Last year, the school began a recycling program — collecting paper, cardboard, and bottles and cans — but students still found plenty of these items in the trash.
"Recycling is still pretty new to the school," Mnookin said. "Not every classroom has a bin and not all of the kids are in the habit of recycling yet. What we're hoping to show is what could be recycled."
Ben Hertford, a 15-year-old ninth-grader, noted the sheer volume of paper students had thrown away. Marjorie Munroe, a 14-year-old also in ninth grade, was surprised at the number of pens, pencils and reusable art supplies.
"We found markers that are the same ones you'd go look for in class and didn't find," she said.
Students sorted 73.5 pounds of trash, which was less than the amount expected by Charen Fegard with the Association of Vermont Recyclers, which 25 years ago was instrumental in starting curbside recycling pickup and today continues to educate people about better ways to dispose of their solid waste.
"Because it's the beginning of vacation and this activity had been promoted, they (the students) might have been more conscious," Fegard said.
Fegard will be overseeing similar activities at Long Trail School in Dorset on Wednesday and at Rutland High School in late May, "where I anticipate a much more impressive pile," she said.
Of the trash sorted by students, about 25 pounds, or about one-third, was truly garbage that should have been thrown away. They also found 3 pounds of bottles and cans, 13 pounds of paper, 4 pounds of milk cartons, 22 pounds of compost, 4 pounds of meat and 2.5 pounds of items that shouldn't have been tossed out at all, such as silverware and money.
The school has the means to recycle most of those items, and on Friday, Mary O'Brien, recycling coordinator for the Southern Windsor/Windham Counties Solid Waste Management District, brought the school a compost barrel to collect food waste.
O'Brien said that across the state, Vermonters are throwing away less garbage.
"I don't know if it's because they're buying less and are throwing away less packing or if they are recycling more," she said.
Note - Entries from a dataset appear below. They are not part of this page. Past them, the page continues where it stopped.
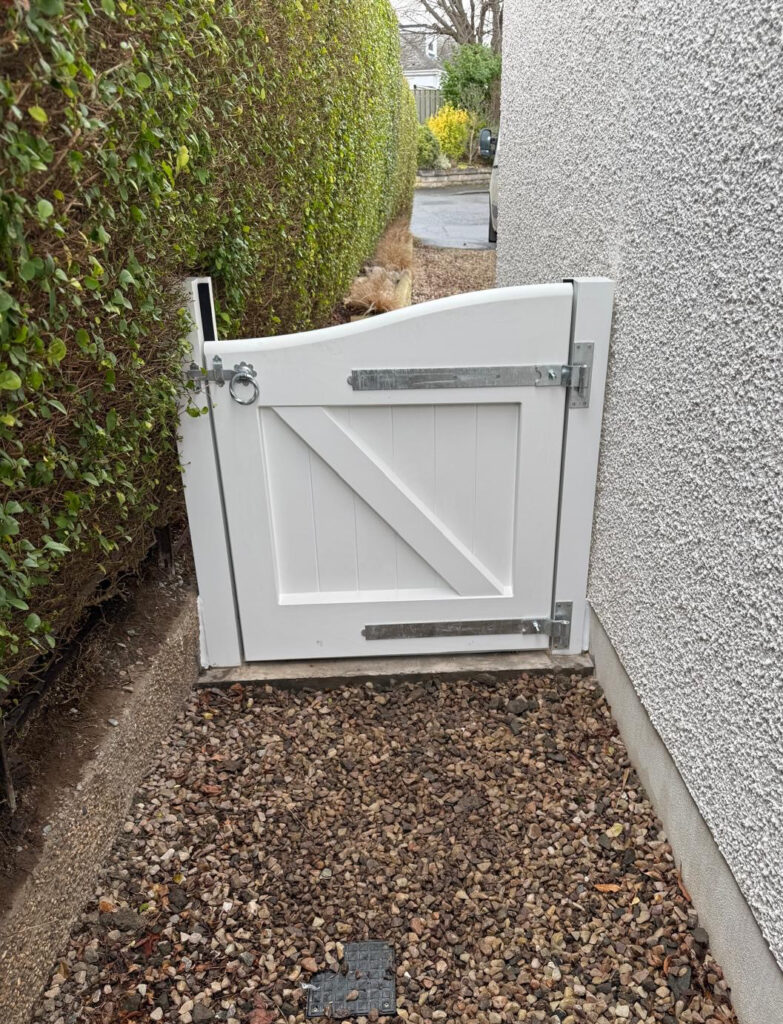 Timber Flood Gate colour finished in white - made using Accoya treated timber.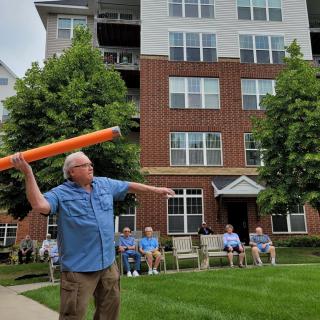 A group of seniors enjoying an outdoor activity in front of a multi-story building.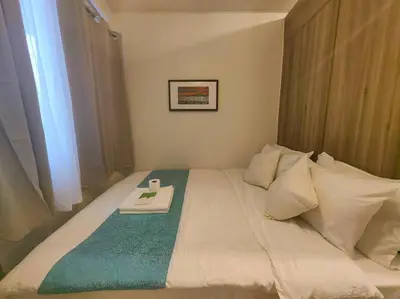 a white bed with a tray on top of it at 1BR Condotel with Balcony at FAME Residences #FM37 in Manila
Students also weighed, but did not sort, 23 pounds of restroom trash, nearly all of it paper towels.
"So, if we were able to get hand dryers in the bathrooms, that would reduce a quarter of our waste," Mnookin said.
Students did not weigh the items students had actually put into the recycling bins, but Mnookin said it appears more recyclable items are being thrown away than recycled.
Still, Tyler Petrycki, a 15-year-old freshman who recycles and composts at home, was thrilled by his classmates' enthusiasm.
"The most astonishing thing was the participation," he said "Everyone was just down in it and not afraid to get dirty. It was great."